The #MeToo Movement Is TIME Magazine's Person Of The Year

To those who wondered if speaking out when they felt forced to stay silent would ever amount to anything, today comes as recognition of a powerful and significant cultural reckoning that took place this year - one that should change things for years to come.

TIME magazine has named "The Silence Breakers" representing people of the #MeToo movement who came forward to report sexual misconduct, as its Person of the Year. It's a move that speaks volumes, made all the more poignant because for so long women and some men were expected or coerced into staying silent when they were victims.   A lot can happen in a year. Trump can cause chaos and grab women "by the pussy" and still be elected president but he is a stark reminder of everything wrong with the world and so, we gather in numbers. We shout louder. We call out those who grossly wronged us.  Harvey Weinstein can go from being the most thanked person at the Oscars (after God) to rightfully being one of the most despised men in the world. Those that we would deem "beloved" in Hollywood have had their dark sides and evil deeds exposed and we have to thank a group of people who decided to be unafraid and speak up - even with the knowledge that their own lives and careers could be ruined in the process.

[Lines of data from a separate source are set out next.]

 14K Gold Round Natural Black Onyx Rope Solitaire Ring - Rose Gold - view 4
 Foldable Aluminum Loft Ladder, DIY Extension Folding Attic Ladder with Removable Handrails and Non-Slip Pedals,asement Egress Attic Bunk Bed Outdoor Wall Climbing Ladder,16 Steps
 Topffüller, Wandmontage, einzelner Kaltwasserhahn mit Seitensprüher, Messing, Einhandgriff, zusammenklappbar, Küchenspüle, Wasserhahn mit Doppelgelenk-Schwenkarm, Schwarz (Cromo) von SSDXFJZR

These are "The Silence Breakers." Some are well-known public figures from Rose McGowan to Taylor Swift and Ashley Judd. Others are less "famous" by name but their battles and stories are just as poignant, just as relevant. Some are activists, reporters, some work 9-5 jobs they can't afford to lose. But while it's noticeable in the piece that fears are still felt - in fact, the magazine reports that "nearly all of the people TIME interviewed about their experiences over six weeks, across many different industries expressed a crushing fear of what would happen to them personally, to their families or to their jobs if they spoke up" - what unites them is shared experience and extraordinary personal courage. Their stories are eerily similar and harrowing but the difference this time is they are voices who refuse to be rendered mute. For themselves, their families, friends or daughters.


Judd recalls to TIME a screenwriter friend telling her that Weinstein's behaviour was an open secret passed around on the whisper network that had been furrowing through Hollywood for years. This merely allowed for people to warn others to some degree, she says, but there was no route to stop the abuse. "Were we supposed to call some fantasy attorney general of moviedom? "There wasn't a place for us to report these experiences."

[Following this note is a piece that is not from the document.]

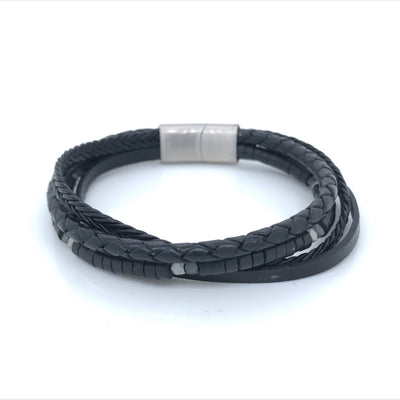 Multi Strand Black Leather Braided Bracelet Featuring Onyx Beads With A Stainless Steel Clasp Size 21Cms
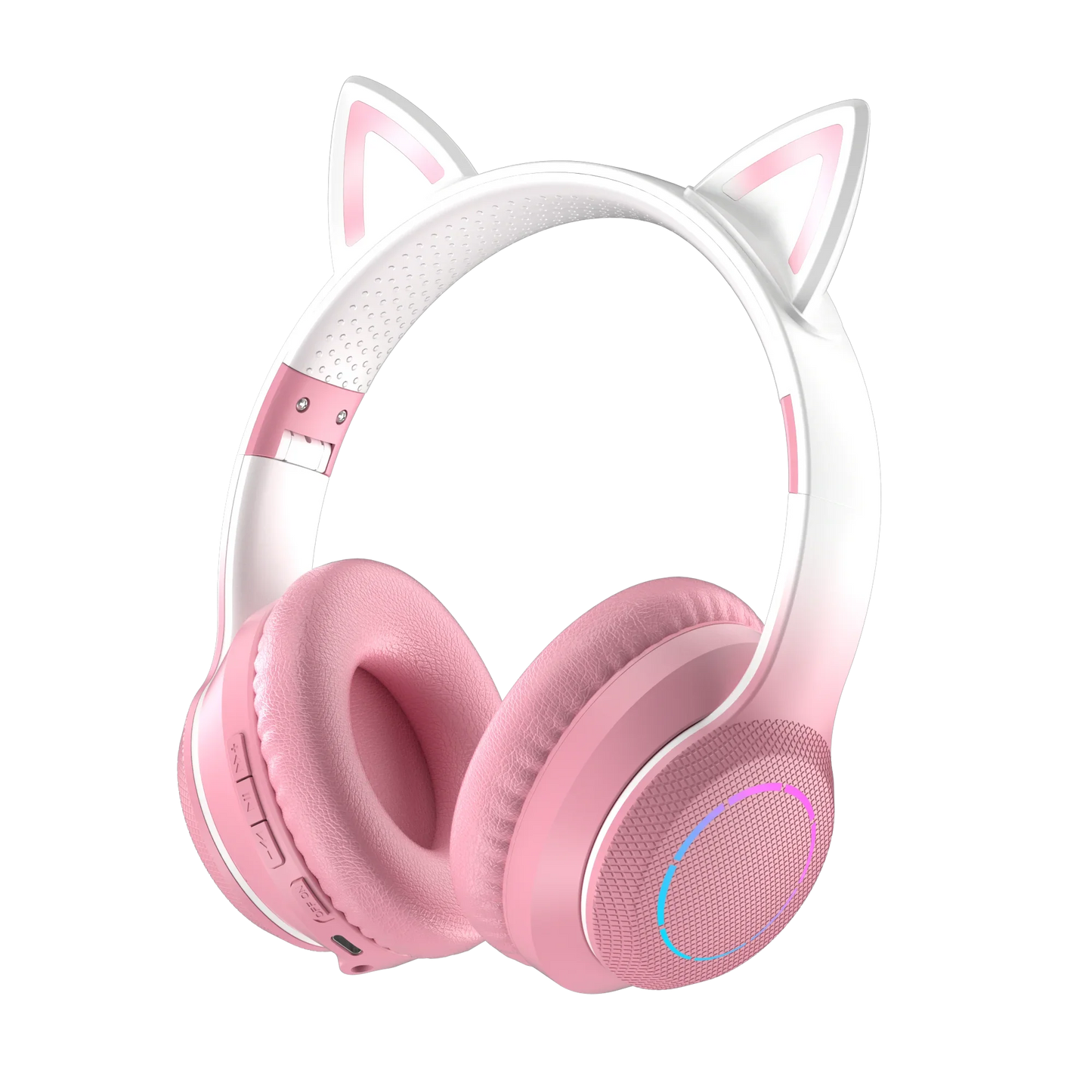 Pink and white cat ear wireless bluetooth headphones with soft padded earcups and rgb cool lights for true sports use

McGowan also spoke openly of being cast out of Hollywood for a decade, being largely ignored until the New York Times broke the Weinstein scandal and others publically went on record to expose the once revered Hollywood producer. She's now considered one of the faces of the movement but said the people recalling their traumas were too easily pushed aside."People forget that there's a real person behind this... Someone who was very hurt and very wronged."

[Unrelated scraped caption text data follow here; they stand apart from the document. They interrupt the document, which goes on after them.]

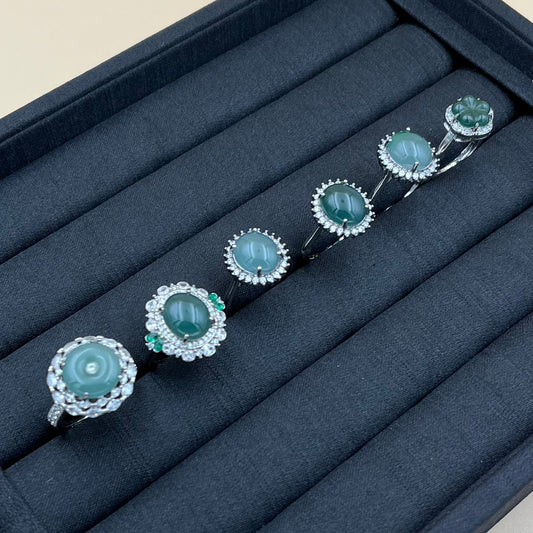 Nhẫn Ngọc Jade Khung Hợp Kim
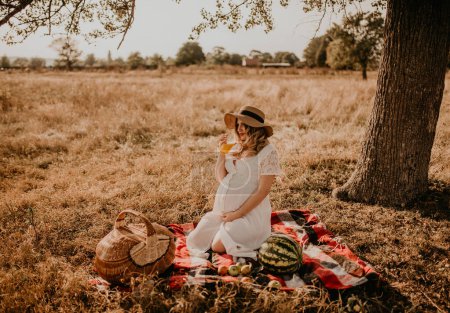 Photo for Happy European caucasian pregnant woman relaxing in nature picnic looking at camera. expectant mother in hat and dress hold hand on belly. face with moles - Royalty Free Image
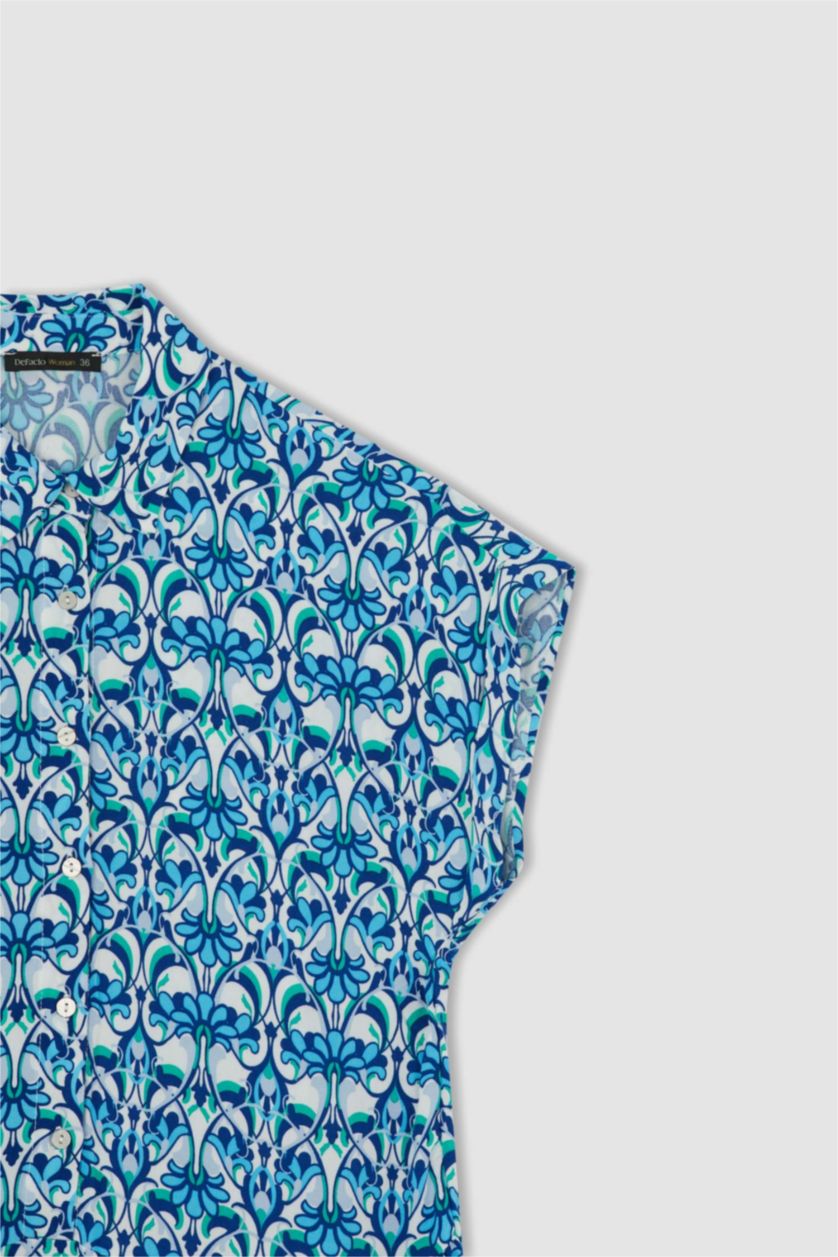 FEMME Bleu Mini robe à col chemise à motifs ethniques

The women and men speaking out told TIME they felt shame. And anger. And regret at not having done more.  "Was I somehow asking for this?" is a line that jumps out. But soon, as all of the dozens, then hundreds, then millions of women who came forward with their own stories of harassment became public, fear became fury.

They have had enough. We have had enough. "This reckoning appears to have sprung up overnight. But it has actually been simmering for years, decades, centuries," TIME said. "It became a hashtag, a movement, a reckoning," TIME's editor-in-chief, Edward  Felsenthal wrote in an explanation published on Time's website. "But it began, as great social change nearly always does, with individual acts of courage."


Be sure to read these extraordinary stories of courage and share them wherever and whenever you can. Share your own stories. Use your voice. Your hashtags. Your words.  Because in the words of Rose McGowan, "We're running out of time. I don't have to play nice."